Season 2, Episode 12:
Johari Window
In upstate New York, a child is picked up on the road by a state trooper. While en route, the child suddenly morphs into a deformed creature. At the station, the troopers try to decide what to do with him, and one takes his picture. Two other deformed people enter the station, kill the troopers and take the boy.
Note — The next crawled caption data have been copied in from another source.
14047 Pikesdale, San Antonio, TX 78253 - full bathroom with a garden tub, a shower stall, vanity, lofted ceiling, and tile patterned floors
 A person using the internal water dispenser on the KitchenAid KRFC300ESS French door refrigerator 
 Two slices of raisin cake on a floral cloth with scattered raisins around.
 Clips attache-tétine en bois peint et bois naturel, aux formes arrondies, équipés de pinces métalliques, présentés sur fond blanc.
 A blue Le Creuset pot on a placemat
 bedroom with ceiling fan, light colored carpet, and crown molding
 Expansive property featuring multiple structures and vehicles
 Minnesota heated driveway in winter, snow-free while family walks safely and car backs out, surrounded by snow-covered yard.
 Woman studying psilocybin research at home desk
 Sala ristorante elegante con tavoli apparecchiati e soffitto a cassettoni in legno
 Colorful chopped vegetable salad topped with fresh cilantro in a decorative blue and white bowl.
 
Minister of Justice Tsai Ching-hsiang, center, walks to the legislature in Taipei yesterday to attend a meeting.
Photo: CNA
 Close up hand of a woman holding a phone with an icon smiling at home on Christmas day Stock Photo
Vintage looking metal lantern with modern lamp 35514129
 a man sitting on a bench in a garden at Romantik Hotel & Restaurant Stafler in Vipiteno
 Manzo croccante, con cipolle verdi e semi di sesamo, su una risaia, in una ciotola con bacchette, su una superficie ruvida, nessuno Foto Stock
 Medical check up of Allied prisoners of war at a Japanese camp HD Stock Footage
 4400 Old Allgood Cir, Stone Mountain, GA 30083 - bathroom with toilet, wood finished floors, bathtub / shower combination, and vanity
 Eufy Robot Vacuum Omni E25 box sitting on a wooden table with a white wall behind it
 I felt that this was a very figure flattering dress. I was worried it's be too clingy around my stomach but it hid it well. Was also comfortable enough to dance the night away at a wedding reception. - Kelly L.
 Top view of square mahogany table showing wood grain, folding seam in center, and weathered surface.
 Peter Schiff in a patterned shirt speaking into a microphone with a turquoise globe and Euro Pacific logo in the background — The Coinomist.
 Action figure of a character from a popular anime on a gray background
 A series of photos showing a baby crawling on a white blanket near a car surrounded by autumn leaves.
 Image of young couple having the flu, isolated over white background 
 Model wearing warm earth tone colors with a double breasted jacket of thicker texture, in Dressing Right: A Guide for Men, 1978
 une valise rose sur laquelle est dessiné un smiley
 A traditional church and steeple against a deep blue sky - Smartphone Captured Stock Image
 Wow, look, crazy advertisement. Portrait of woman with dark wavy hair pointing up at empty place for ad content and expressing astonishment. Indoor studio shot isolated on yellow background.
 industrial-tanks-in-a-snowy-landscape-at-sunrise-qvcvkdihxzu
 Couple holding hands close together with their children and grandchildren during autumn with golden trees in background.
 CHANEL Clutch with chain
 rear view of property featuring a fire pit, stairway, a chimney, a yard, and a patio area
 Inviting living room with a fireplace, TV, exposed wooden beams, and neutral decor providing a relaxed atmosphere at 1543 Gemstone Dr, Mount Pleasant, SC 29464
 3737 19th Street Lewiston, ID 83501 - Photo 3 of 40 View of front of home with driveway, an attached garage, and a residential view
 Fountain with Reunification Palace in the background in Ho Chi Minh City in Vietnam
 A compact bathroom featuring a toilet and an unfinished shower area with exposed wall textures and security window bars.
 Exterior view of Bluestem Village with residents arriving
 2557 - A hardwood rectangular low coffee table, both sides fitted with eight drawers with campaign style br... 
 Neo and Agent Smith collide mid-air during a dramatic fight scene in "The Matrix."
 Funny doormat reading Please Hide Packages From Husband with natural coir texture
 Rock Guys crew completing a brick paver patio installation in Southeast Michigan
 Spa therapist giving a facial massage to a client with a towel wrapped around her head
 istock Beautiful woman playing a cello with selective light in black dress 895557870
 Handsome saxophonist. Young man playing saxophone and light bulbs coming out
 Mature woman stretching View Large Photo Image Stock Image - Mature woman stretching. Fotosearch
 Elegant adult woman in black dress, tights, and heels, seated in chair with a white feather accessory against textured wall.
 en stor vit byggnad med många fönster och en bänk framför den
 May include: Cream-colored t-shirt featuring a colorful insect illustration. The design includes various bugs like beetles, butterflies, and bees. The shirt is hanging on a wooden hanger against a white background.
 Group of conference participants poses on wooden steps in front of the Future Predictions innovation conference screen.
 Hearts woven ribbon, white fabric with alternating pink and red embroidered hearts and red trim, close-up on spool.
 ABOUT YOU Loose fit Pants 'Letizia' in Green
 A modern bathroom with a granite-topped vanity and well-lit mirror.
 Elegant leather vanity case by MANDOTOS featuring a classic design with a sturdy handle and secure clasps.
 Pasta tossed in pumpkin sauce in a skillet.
The Fringe team comes on the scene to investigate and find the boy's photograph, along with recorded sightings of deformed people going back 30 years. They arrive in Edina, the city near where these sightings occurred, and Olivia hears a buzz called the "Edina hum". The sheriff explains it is coming from a nearby military base and offers to show them case files of past sightings. While driving, the SUV containing Olivia, Peter and Walter is run off the road by another vehicle, whose driver starts shooting at them before being shot by Peter and leaving. The FBI find the abandoned vehicle and follow a blood trail to the dead shooter. Peter is visibly disturbed after killing his first person, and Olivia tries to comfort him.
Agent Broyles discovers that the army did classified experiments in Edina called "Project Elephant", but most of the records are gone. The team brings the body, along with a butterfly Walter found in the town and thought Astrid would like, back to the lab in Boston, where they both transform into deformed versions of themselves. Peter and Olivia go back to Edina to talk with the sheriff and try to locate the owner of the truck. Meanwhile, back in the lab, Walter tries to remember why the case feels so familiar. Throughout the episode Walter had been humming some strange melody, and he and Astrid realize he might previously have worked on the project with the army. The melody was a memory trick Walter used to remind himself where he stored the experiment files so many years ago. The experiment was done by the army in the late 1970s to test how electromagnetic pulses can camouflage soldiers and was conducted on the townspeople; the army was unaware of the long-term effects of the study until it was too late, and the people were stuck in a deformed state. The "hum" hides their deformities from the human eye through a massive electromagnetic pulse that runs through the town, and once they leave and are out of the pulse's reach, their true deformities show.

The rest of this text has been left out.